• _Exercise objective_: Copy the entries below verbatim, omitting any pictures they contain.

• _Working data_:
----

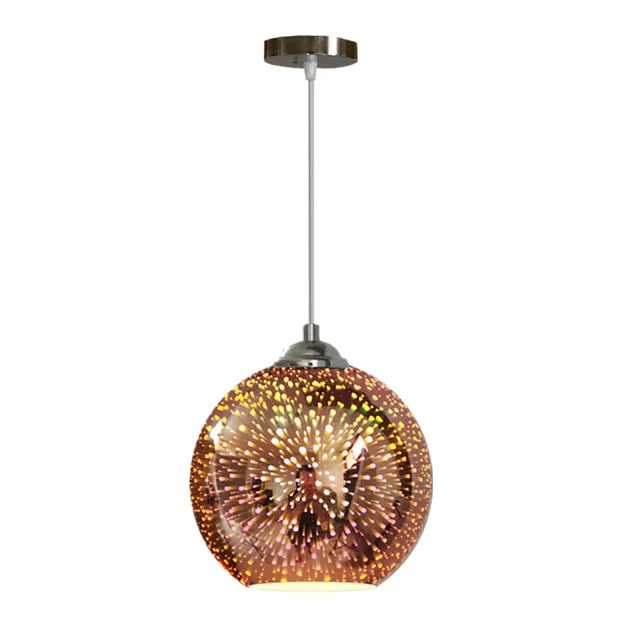 Rose Gold Glass Ceiling Chandelier LED Colorful Lighting Bedroom Lamp Decorative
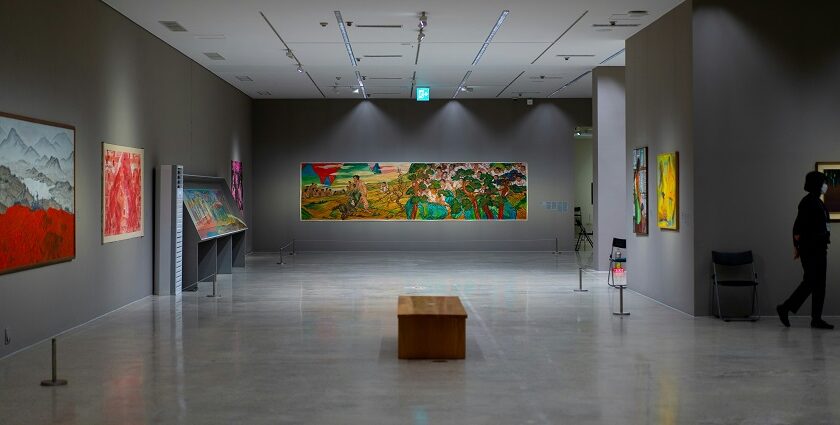 Interior view with traditional paintings adorning the walls, one of the best art galleries in Kerala.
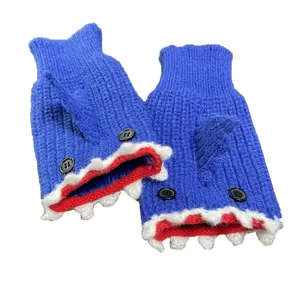 A Pair of Handmade Shark Gloves Christmas Holiday Gift Funny Cartoon Yarn Winter Warm Half Finger Gloves
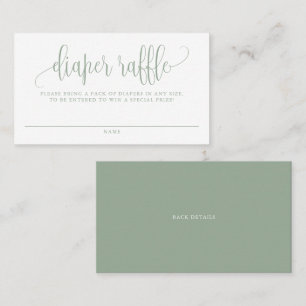 Sage Grönt Söt Script Baby Shower Diaper Raffle Visitkort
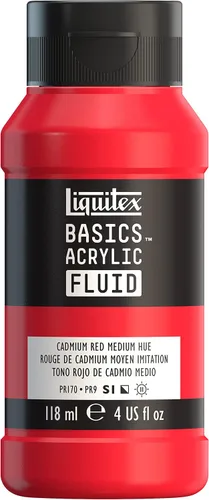 Vista 22 de Liquitex BASICS - Pintura acrílica fluida, botella de 4 onzas, tono permanente carmesí lizarina Super Versatile, Fine Art Pigments; Fluid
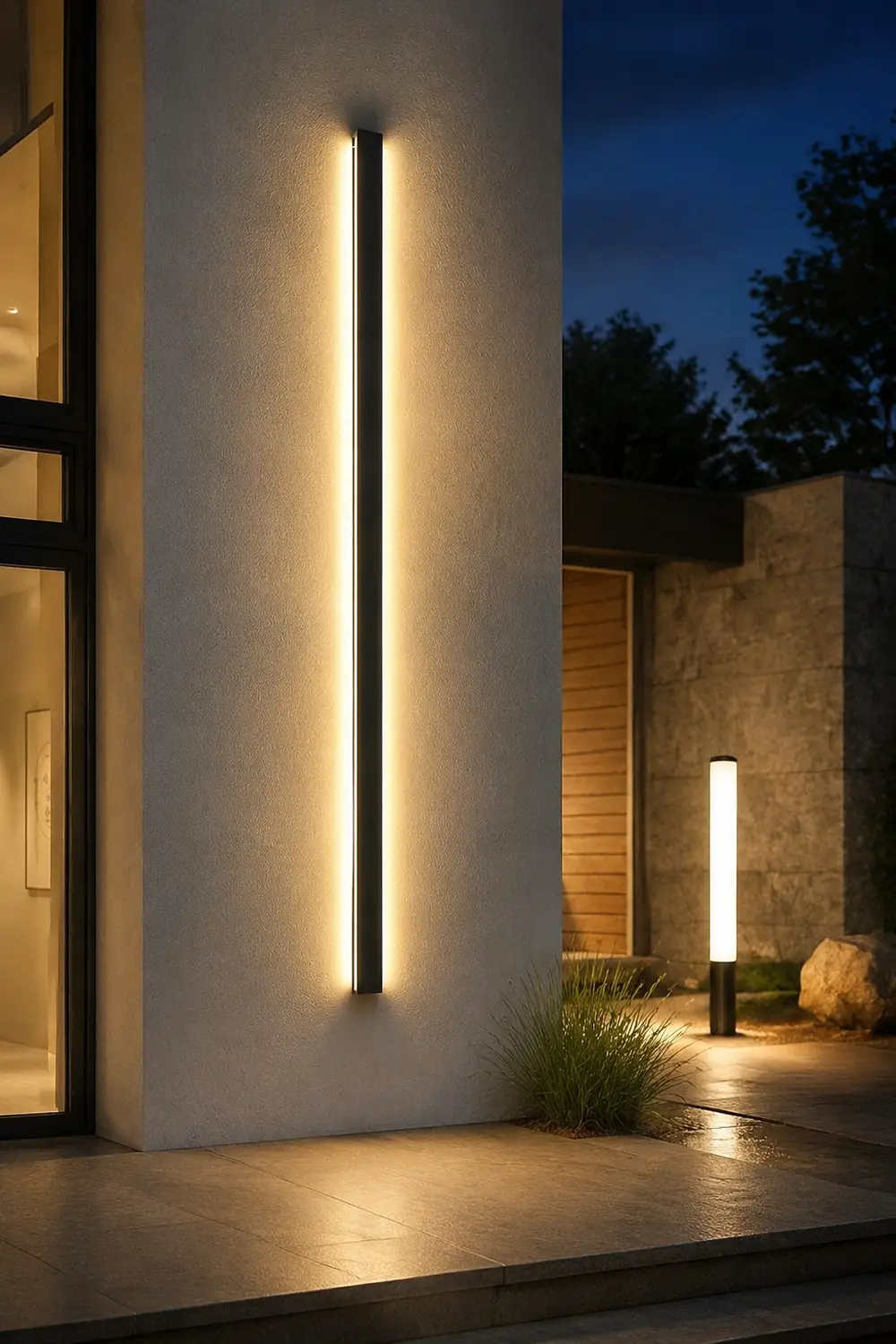 Long Strip LED Waterproof Black Minimalist Outdoor Wall Lights Exterior Lights - Lumpaz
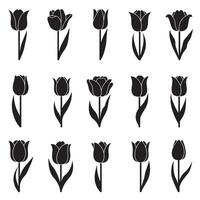 Tulip icon graphics in simple silhouette style for wellness and home decor vector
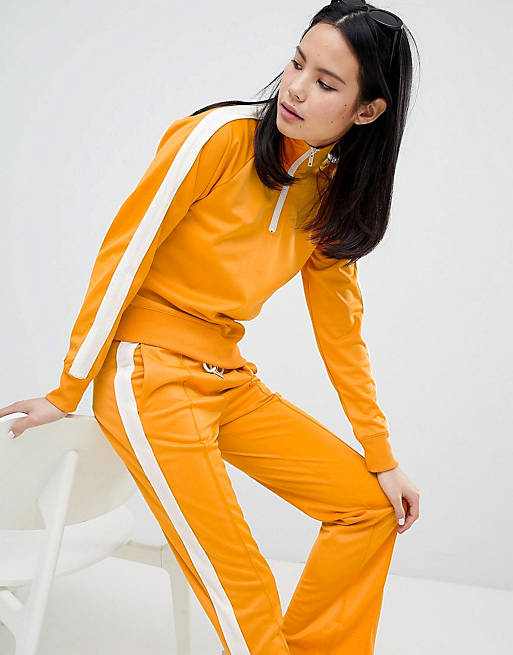 Monki side stripe zip up sweatshirt & track pants in mustard two-piece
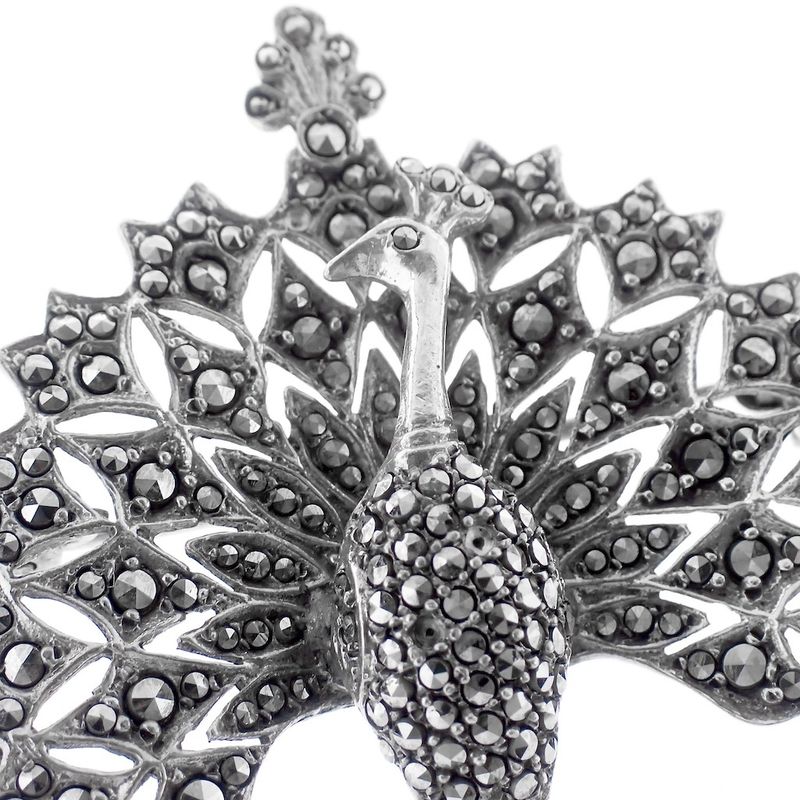 Image 3 of Vintage silver peacock brooch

----

• _Solution to the problem_:
 Rose Gold Glass Ceiling Chandelier LED Colorful Lighting Bedroom Lamp Decorative
 Interior view with traditional paintings adorning the walls, one of the best art galleries in Kerala.
 A Pair of Handmade Shark Gloves Christmas Holiday Gift Funny Cartoon Yarn Winter Warm Half Finger Gloves
 Sage Grönt Söt Script Baby Shower Diaper Raffle Visitkort
 Vista 22 de Liquitex BASICS - Pintura acrílica fluida, botella de 4 onzas, tono permanente carmesí lizarina Super Versatile, Fine Art Pigments; Fluid
 Long Strip LED Waterproof Black Minimalist Outdoor Wall Lights Exterior Lights - Lumpaz
 Tulip icon graphics in simple silhouette style for wellness and home decor vector
 Monki side stripe zip up sweatshirt & track pants in mustard two-piece
 Image 3 of Vintage silver peacock brooch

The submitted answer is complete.